In 2018, bioeconomy in Italy has shown a production potential amounting to 345 billion euro, equal to approximately 10% of the total value of national production, employing approximately 2 million people. Italy is in third position at EU level. Germany is first with a production worth €414 billion and France second with €359 billion. Spain is fourth (€237 billion) followed by the UK (€223 billion). In these five countries, the bioeconomy is worth €1.568 trillion.
The Intesa Sanpaolo Research Department (Intesa Sanpaolo is one of the major banking group in Europe) presented last week – in a online workshop organized by the bank together with the Italian Cluster of Green Chemistry SPRING and Assobiotec, the Italian Association for the development of biotechnology – the Sixth Edition of the Report on Bioeconomy in Europe (Download the Executive Summary), which, in line with the definition of the European Commission, was defined as the set of activities using renewable natural resources to produce goods and energy, generating great advantages in terms of sustainability.
In Italy, bioeconomy has significant prospects of growth in the next few years, thanks to the presence of a core team of players in the downstream supply chain of bioindustry.

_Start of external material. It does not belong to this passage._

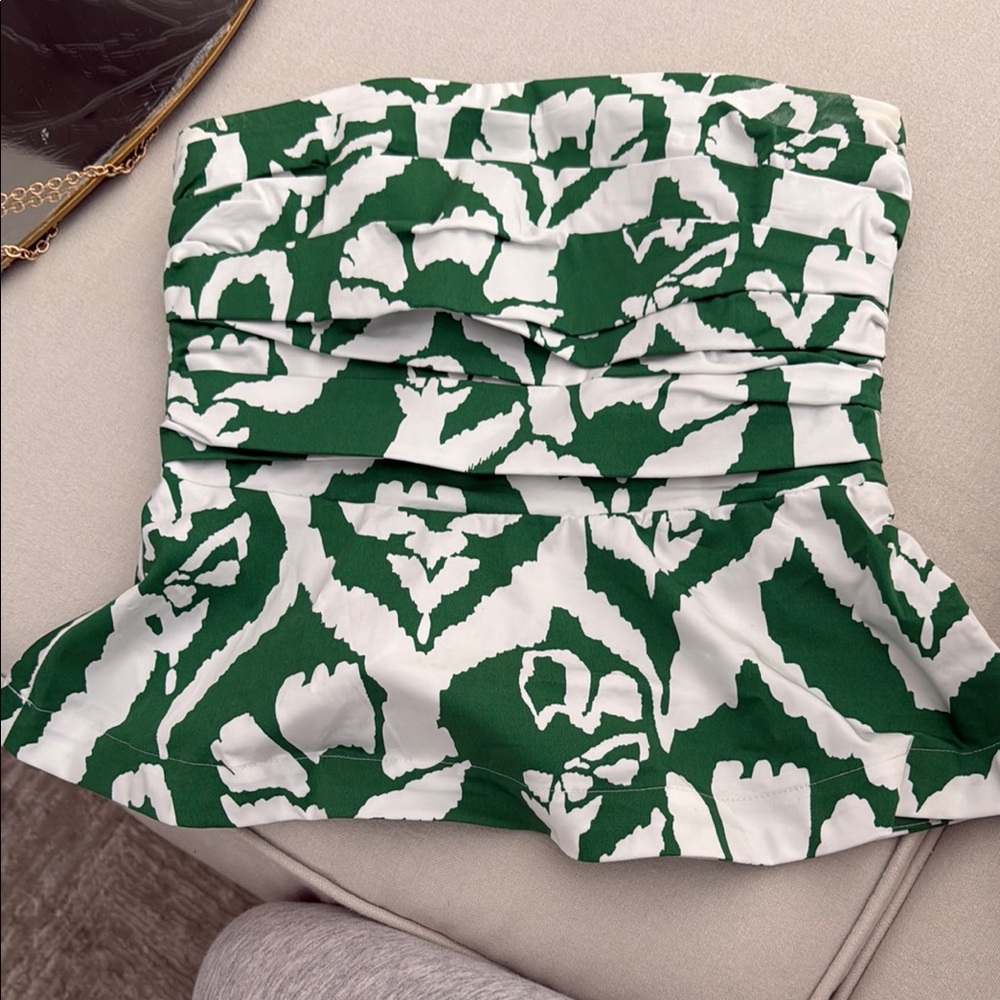 White House Black Market Green and White Strapless Top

On the basis of existing technologies, the chemical productions that can potentially be converted into bio-based ones are just under 40%, in Italy.
Developing an economy that grows while respecting the environment and reducing dependence on non-renewable resources, such as fossil fuels, is regarded as a priority for Europe in the frame of the Green New Deal. It is, therefore, important to understand the economic potential of bioeconomy, that is the set of activities that produce and use natural raw materials from agriculture, to food industry, to timber and paper industry, to a part of the chemical industry.